=== TO DO ===
Would you repeat word for word the lines of the listing that follows, from the one with "<i>Coreus marginatus</i>" up to and including the one with "Sunset, anime, bicycle, bike, cat, city", and leave out the images?

=== INPUT MATERIAL ===

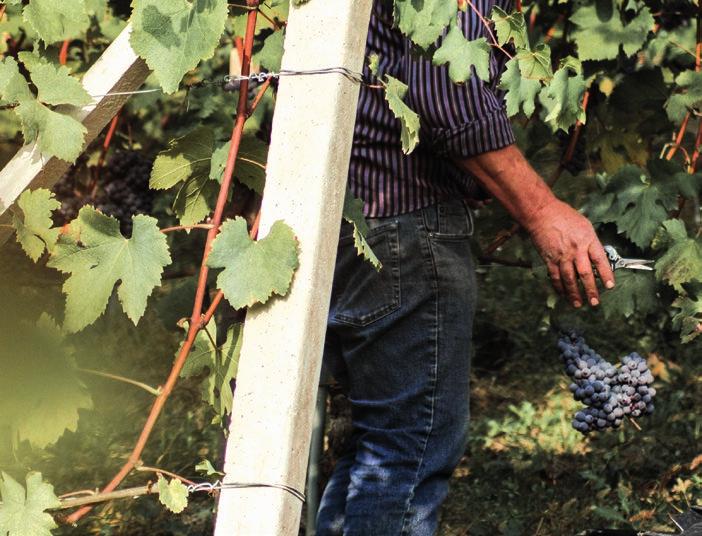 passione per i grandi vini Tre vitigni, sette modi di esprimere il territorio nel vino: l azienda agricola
---
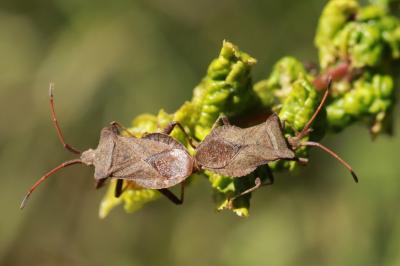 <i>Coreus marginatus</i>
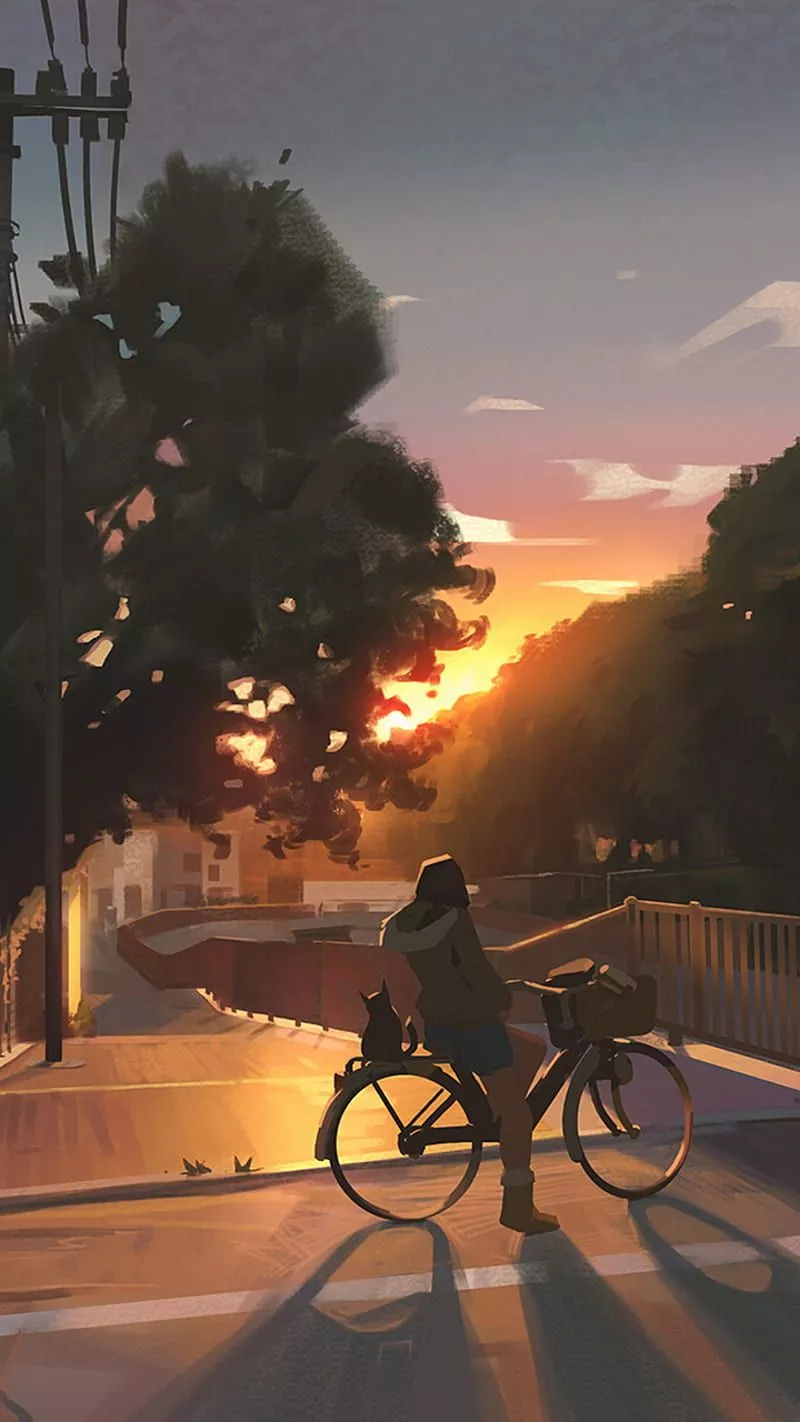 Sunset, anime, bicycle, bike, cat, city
* * *
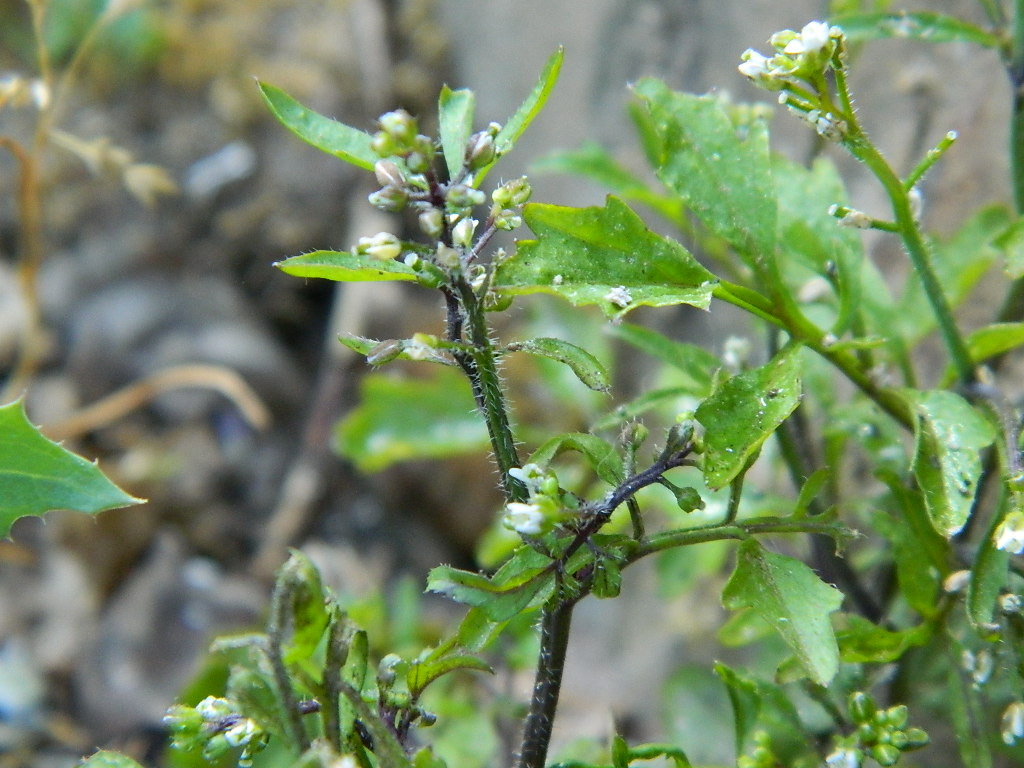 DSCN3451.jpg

=== EXERCISE RESULT ===
 <i>Coreus marginatus</i>
 Sunset, anime, bicycle, bike, cat, city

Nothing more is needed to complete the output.